Putting a Face to the Harm—Commemorating Lives

Andrew Center LogoMy previous blog post, Memory Matters—Recalling Rwanda, introduced the unforgettable experience I had at a 2024 summer conference in that country, which was held in conjunction with the 30th anniversary of the Genocide Against the Tutsi. What I saw, what I heard, what I felt furthered my foundational belief and commitment directing the Andrew Center for Restorative Justice at Marquette University Law School.

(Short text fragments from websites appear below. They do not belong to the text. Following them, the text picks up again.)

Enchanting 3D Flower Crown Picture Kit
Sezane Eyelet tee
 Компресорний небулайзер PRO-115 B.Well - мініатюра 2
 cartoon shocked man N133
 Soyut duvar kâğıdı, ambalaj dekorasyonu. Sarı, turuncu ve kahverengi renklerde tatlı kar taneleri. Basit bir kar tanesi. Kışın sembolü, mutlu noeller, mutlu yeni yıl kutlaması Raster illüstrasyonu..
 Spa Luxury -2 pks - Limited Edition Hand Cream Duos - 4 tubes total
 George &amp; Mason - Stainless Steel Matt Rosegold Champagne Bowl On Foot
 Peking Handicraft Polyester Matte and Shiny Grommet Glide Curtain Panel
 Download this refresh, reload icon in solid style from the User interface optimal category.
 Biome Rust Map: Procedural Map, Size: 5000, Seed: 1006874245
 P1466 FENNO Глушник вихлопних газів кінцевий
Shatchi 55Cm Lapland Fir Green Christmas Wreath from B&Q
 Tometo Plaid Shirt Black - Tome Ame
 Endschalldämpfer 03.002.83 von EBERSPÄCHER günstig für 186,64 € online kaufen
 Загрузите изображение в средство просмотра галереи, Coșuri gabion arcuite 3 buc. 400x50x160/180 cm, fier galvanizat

To begin basically: Memory, through storytelling, is essential to moving beyond violence and harm—the first step toward cultivating healing and safety for those harmed and accountability and compassion for those who harmed. In Rwanda, where more than one million children, women, and men were slaughtered over three months, any hope for peace requires remembering to commemorate those innocents who died because of ethnic hatred propagated in the name of revenge. In a country where genocide survivors and perpetrators are neighbors, co-workers, and even family members living side-by-side, that means putting a face to those behind the staggering statistics, which alone cannot truly speak to the senseless brutality.

Last July, I saw some of the faces during visits to two of nearly ten genocide memorials the Rwandan government created a decade after the unspeakable happened in summer 1994. This blog post is harder to write than the previous one because each of those faces—captured in time by photographs or symbolically present through stark physical remnants of the victims as well as perpetrators—represents a life story. Maurice, a guide at one of the memorials and genocide survivor, explained simply, “Sharing stories brings the humanity back to us.” That struck me. Who is remembered readily by loved ones left behind is why we all must not look away but rather remember through respectful commemoration. I write this perhaps-painful-to-read blog in that spirit.

Kigali Genocide Memorial

As the largest in the nation, the genocide memorial in the city of Kigali is the final resting place of more than 250,000 Tutsi murdered in the area. Funded in part by the city and organizations such as Aegis Trust, which facilitated the summer conference I attended, the memorial opened in 2004. It consists of the Exhibit Building, Burial Place, and Gardens of Reflection, all designed to serve as the starting point for education in peace and values, which is now built into Rwanda’s national school curriculum to strengthen community resilience against division. The site does so in many ways:

  • Providing a dignified place of burial for Tutsi victims
  • Educating visitors about the causes of the Genocide Against the Tutsi and other genocides throughout history and the world
  • Teaching how to prevent future genocides
  • Documenting evidence of the Genocide Against the Tutsi, testimonials of survivors, and stories of the victims
  • Supporting survivors, especially widows and orphans.

A man speaking Accompanied by our guide, Maurice (pictured with permission), we first toured three permanent exhibitions at the Kigali memorial.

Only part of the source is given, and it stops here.